Incorrect Recognition of "in [month]" pattern
The parser fails to correctly process date strings prefixed with "in" and followed by the short name of months (e.g., "in Jun"). While the recognition strips the "in" and identifies the month (e.g., "Jun"), the resulting text does not retain "in", causing the standalone month not to be recognized as a date when parsed separately.
Environment
- Version:
"chrono-node": "^2.7.5"
Steps to Reproduce
-
Configure a new chrono instance with default settings:
const configuration = chrono.casual.defaultConfig.createCasualConfiguration(false); const chronoInstance = new chrono.Chrono(configuration); const forwardFrom = new Date(); -
Parse the string "in Jun" with the following settings:
const result = chronoInstance.parse('in jun', { forwardDate: true, startDayHour: 8 });Expected result:
result[0].textshould be "in jun". Actual result:result[0].textis "jun". -
Repeat the parsing without the "in" prefix:
const result = chronoInstance.parse('jun', { forwardDate: true, startDayHour: 8 });Expected result: Date recognition for "jun". Actual result: No date is returned.
Expected Behavior
The parser should retain the "in" prefix in the recognized text because its removal results in the standalone month not being recognized as a date.
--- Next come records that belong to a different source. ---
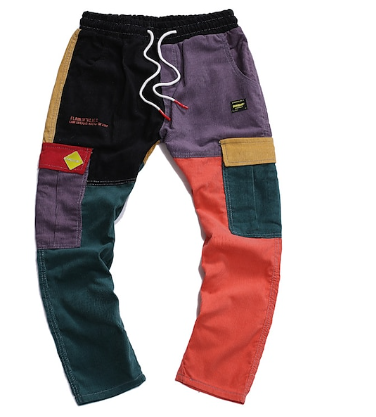 Pantalon Homme Décontracté Coton à Patchs Colorés-1
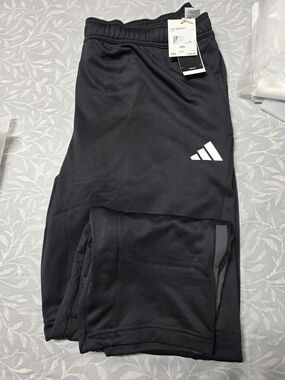 adidas Black Track Pants with White Logo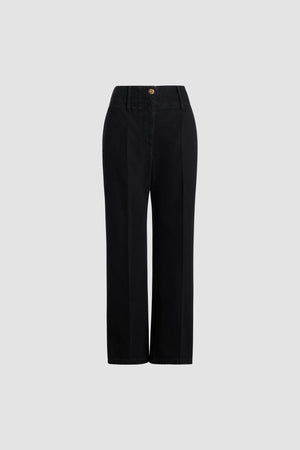 Pantalone largo in vita in denim di cotone bio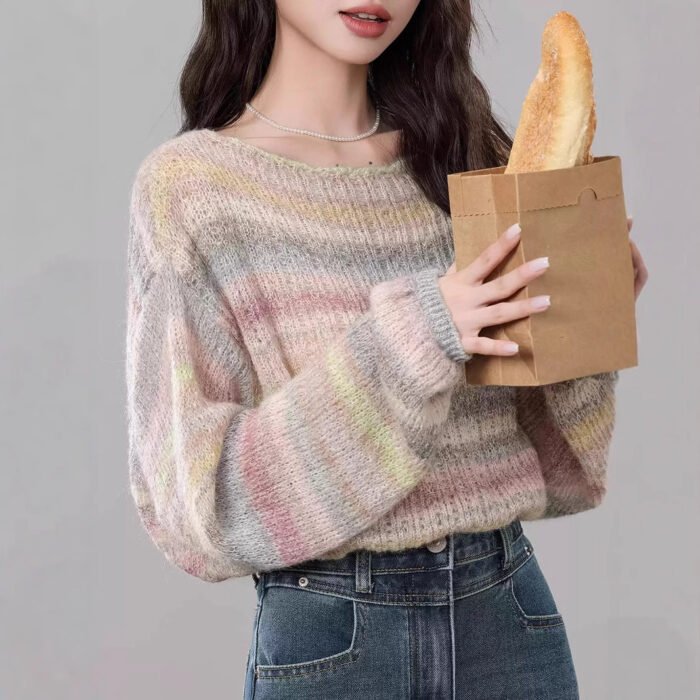 Colorful Striped Long-sleeved Sweater Women's Thin Spring New Lazy-style Hollow-out Loose off-shoulder Mohair Sweater - Image 1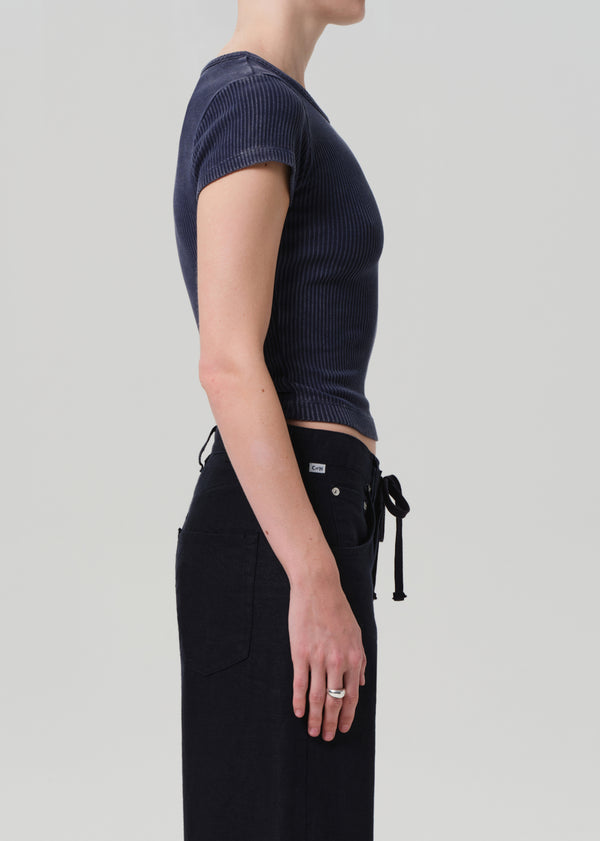 Gold Sign Nello Tee In Mineral Navy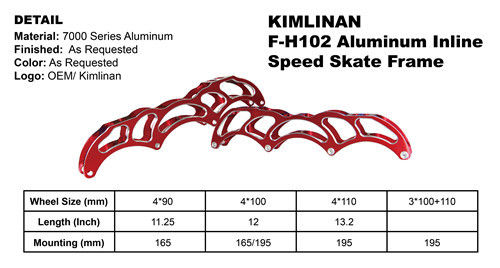 Aluminium Aluminum Inline Speed Skate Frame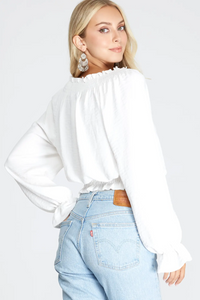 Long Sleeve Top in Off White-Lemons and Limes Boutique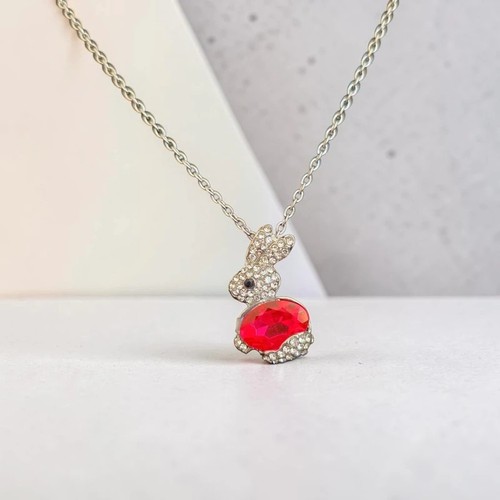Sparkly crystal bunny pendant - crystal,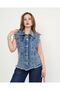 Denim Zero Sleeve Short Vest - 4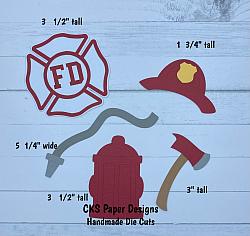 Handmade Paper Die Cut FIREMAN SET Firefighter Maltese Axe Hat Fire Hydrant Scrapbook Page Embellishment-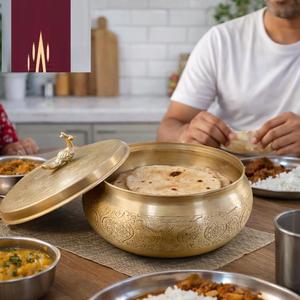 Ensemble de casseroles de luxe en laiton Thermosteel avec étui isotherme durable, lot de 3 pour salades, currys et riz, idéal pour la maison - Product Image 3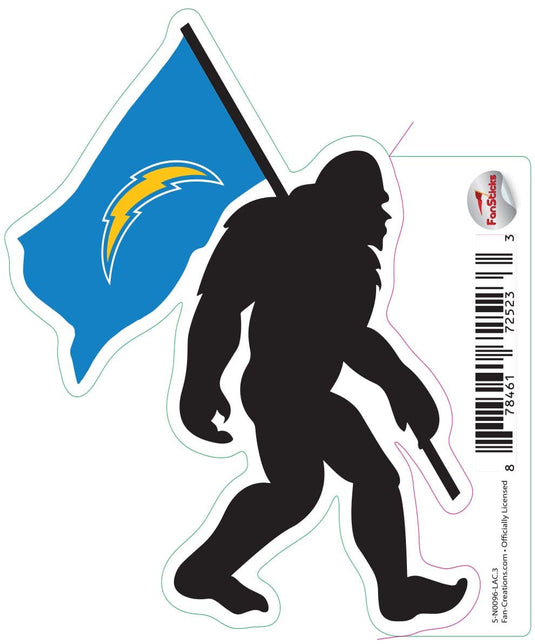 Fan Creations Decal Los Angeles Chargers 3in Decal Bigfoot Flag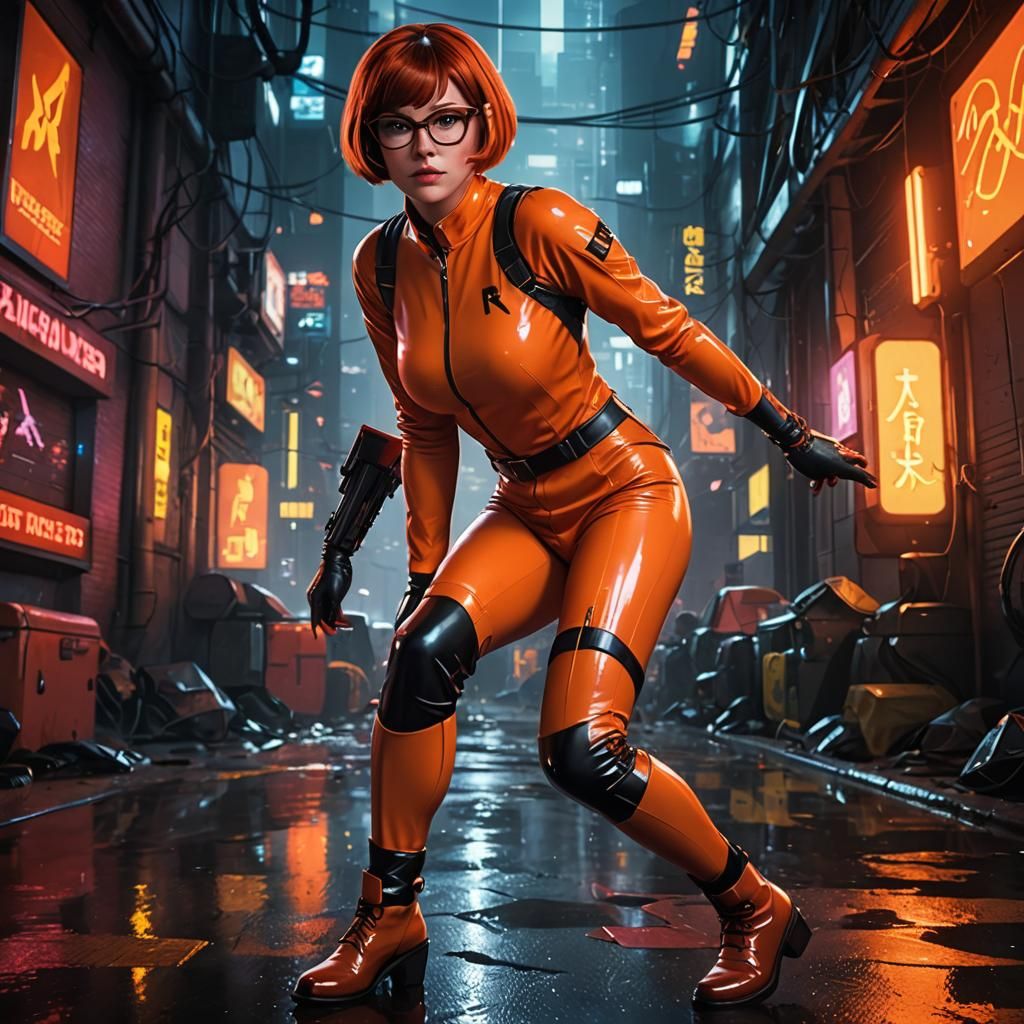 Alluring Velma Dinkley in Cyberpunk Latex Costume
Ideally, both "in Jun" and "Jun" should be correctly parsed as dates with the context retained when necessary.
Actual Behavior
The parser outputs "Jun" instead of "in Jun" when parsing "in Jun", and subsequently fails to recognize "Jun" as a valid date in the absence of the "in" prefix.
Proposed Fix
Retain the "in" prefix when needed to subsequently recognize the text.
Hello. Thanks for reporting this.
I do not quite agree with the expected behavior.
The parser should retain the "in" prefix in the recognized text because its removal results in the standalone month not being recognized as a date.
We do not have a precise definition what make up of the result text (and its index location).
What has been the case so far is: text makes up phases the date/time are parsed/extracted from. It does not have to include other "clue" or "context" phases to explain why we think the text is date/time.
In your example, the word "in" (from "in jun") is only a clue. It is not part of the date/time.
Ideally, both "in Jun" and "Jun" should be correctly parsed as dates with the context retained when necessary
I don't think I agree with that assumption.
Unless you know what is the input domain/context, "Jun" or "jun" is not always "June". (If anything, I am also not sure if "in jun" should be recognized as June either).
--
Could you share the use-cases where this current behavior is inconvenient for you?